Collected material Block Start

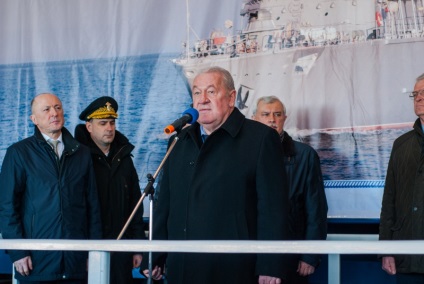 Comunicarea cu marea pentru viață pe Mijlocul-Neva a pus nava vladimir emelianov și a deschis un nou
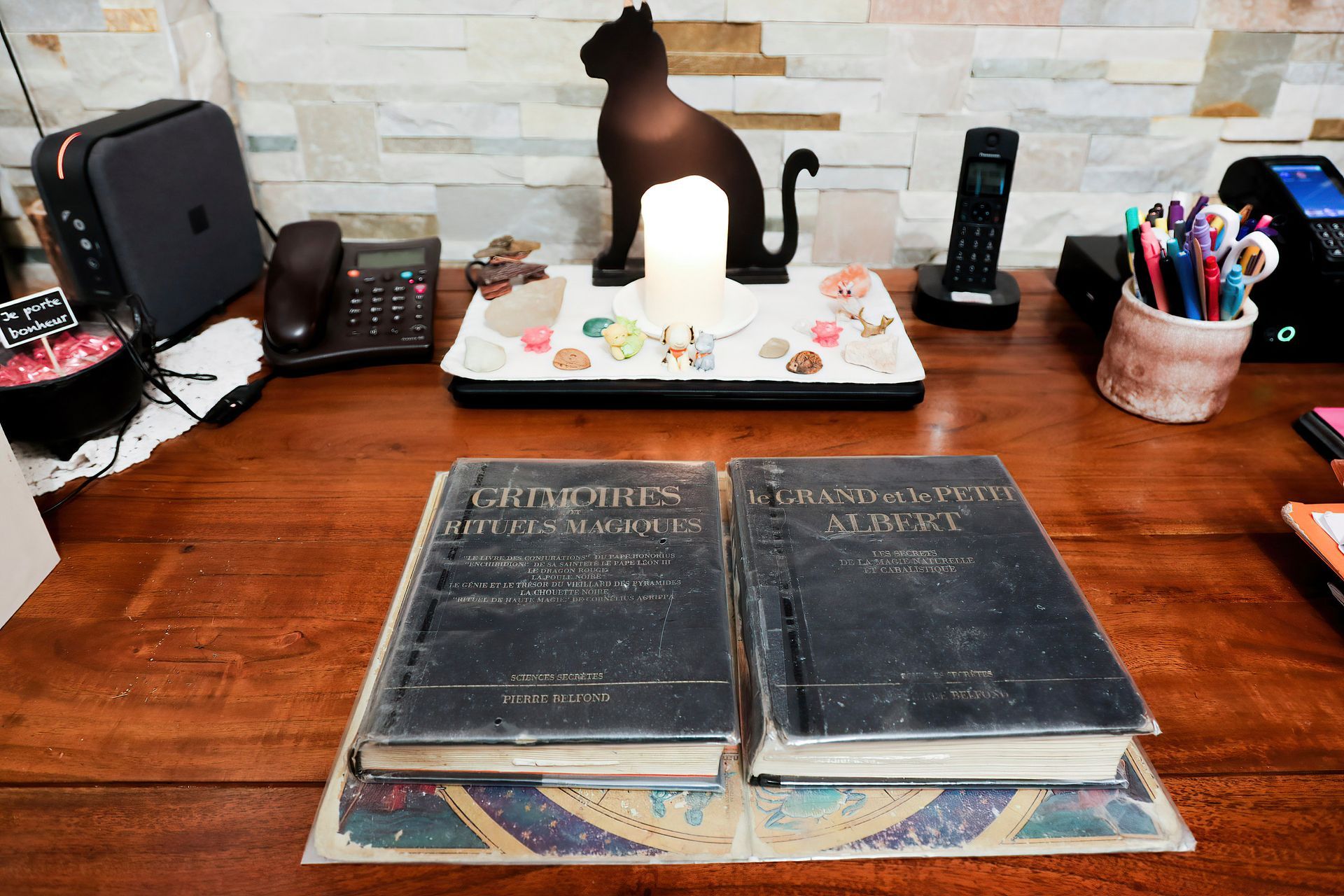 Deux livres noirs posés sur un bureau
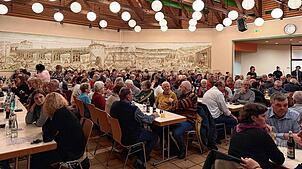 Großes Interesse bei der Einwohnerversammlung in Küssaberg 2025 zeigen die Bürger. Bild: Miriam Stoll
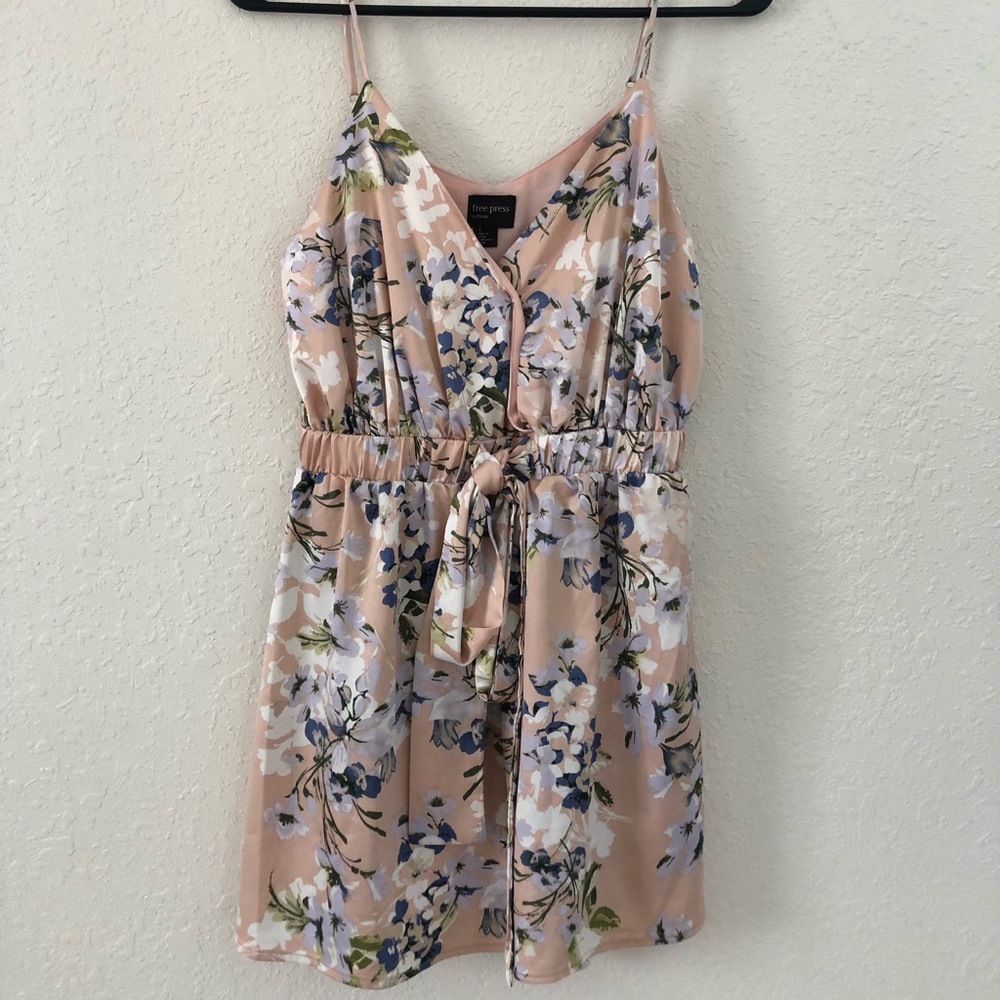 Satin Floral romper 💐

Collected material Block End

Task details -> Keep the pictures out of the copy and return the rest of the data above exactly.

Answer below ->
 Comunicarea cu marea pentru viață pe Mijlocul-Neva a pus nava vladimir emelianov și a deschis un nou
 Deux livres noirs posés sur un bureau
 Großes Interesse bei der Einwohnerversammlung in Küssaberg 2025 zeigen die Bürger. Bild: Miriam Stoll
 Satin Floral romper 💐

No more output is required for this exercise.